This graph has been going around a good deal in the last week. (Source)
Basically, the light blue line is the unemployement rate the Obama administration predicted would happen if we didn’t pass the stimulus bill back in . The dark blue line is the unemployment rate the Obama administration predicted would happen if we did pass the stimulus bill. (Here’s the raw document.) And the red triangles are the actual unemployment rate as it has panned out. Not only are they worse than the Obama adminstration expected, they’re worse than what they expected even if we didn’t pass the stimulus bill.
I think it is fair to say that the stimulus bill has not been as stimulating as they told us it would be. Now, it could certainly be the case that the unemployment rate would be even higher than this if we hadn’t passed the stimulus bill, but that is about as non-falsifiable a statement as you can get.
(UPDATE: The author of this graph explains why he thinks there has been little effect … we’ve spent almost none of the stimulus money yet. I’m trying to figure out where he’s getting his data because I don’t see any infrastructure projects on there. I’m certain that there is infrastructure spending going on right now because there is a stimulus project not 3 miles from my house causing daily traffic jams.
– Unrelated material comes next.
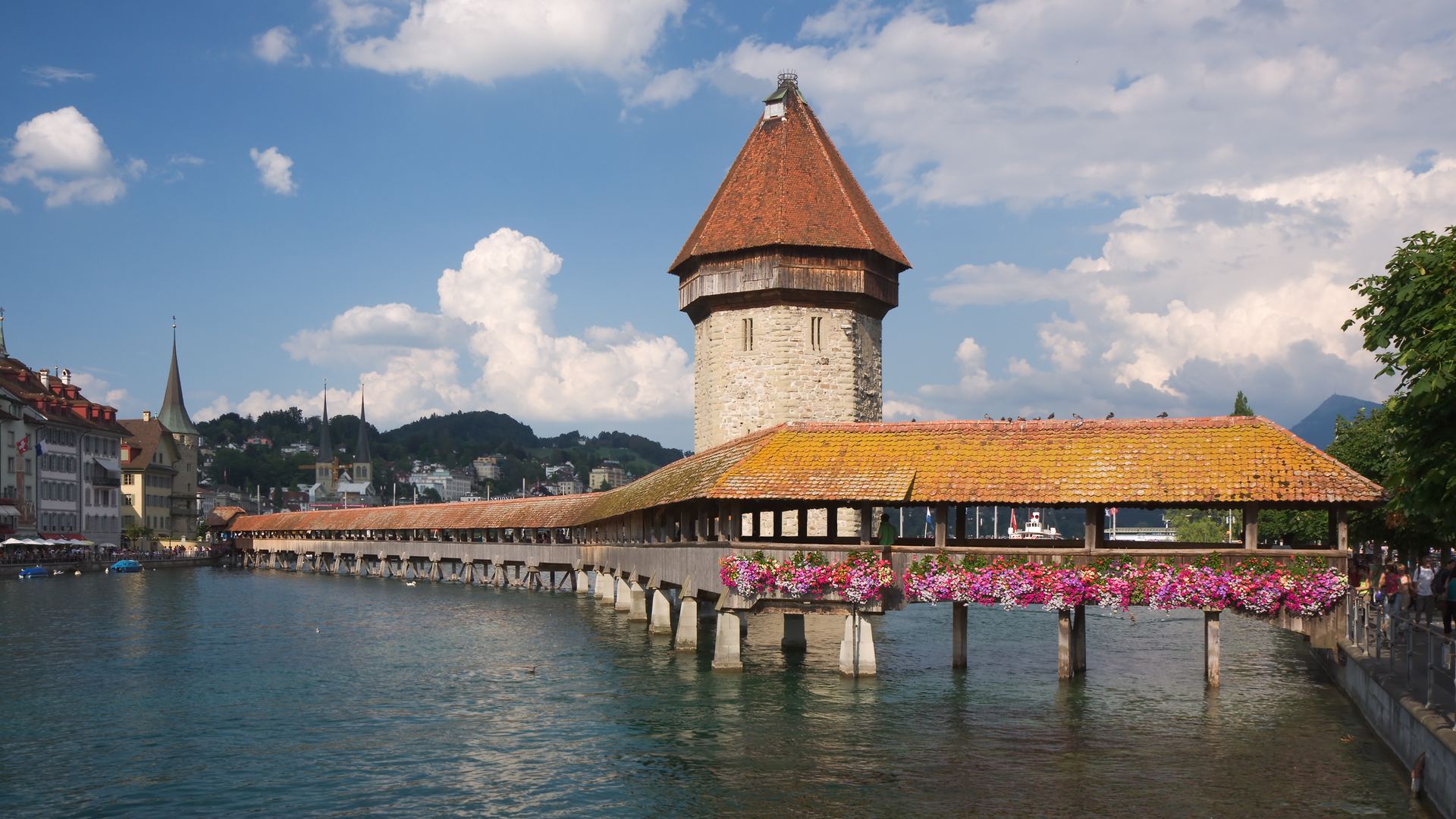 The Chapel Bridge and Water Tower over the river Reuss in Lucerne, with the Alps behind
UPDATE 2: Here’s the best I could find on stimulus money currently being spent.)
I don’t really feel like dogpiling on the adminstration on this particular issue, so I want to hit a broader topic here… the administration’s use of numbers. This graph tells us some simple things that are scary and a complex thing that is scarier.
The simple thing it tells us is that the Obama administration was completely unable to predict the economic conditions four months into the future. They thought we would be at about 8.0% unemployment if the stimulus bill passed and at 8.5% unemployment if we sat on our hands.
As it turns out, we passed the stimulus bill and we’re at 8.9%. The easy lesson is that they didn’t get that one right. But, as Robert Strom Petersen said, “It’s tough making predictions, especially about the future.” And I probably couldn’t have done any better.
But no one is hanging the weight of hundreds of billions of dollars around my neck, which makes it more OK that I can’t project the future economic conditions. It seems fair to demand a slightly higher level of predictive accuracy from an administration that is using their predictions to push trillion dollar policies.
The complex thing that this graph tells us is that the Obama administration is comfortable using graphs that don’t really have a basis in reality in order to bolster support for their decisions. Graphs make us think that something is scientific and studied and therefore more reliable. But reliability is something that has to be earned. The team that put this graph together should be questioned on what they got wrong and what they would do next time to get it right.
Basically, the next time the president uses projected figures to push his policies, I would like to see someone ask the following question:
“Mr President, the last number predictions you threw at us turned out to be pretty far off the mark. What assurances do we have that these new numbers are accurate?”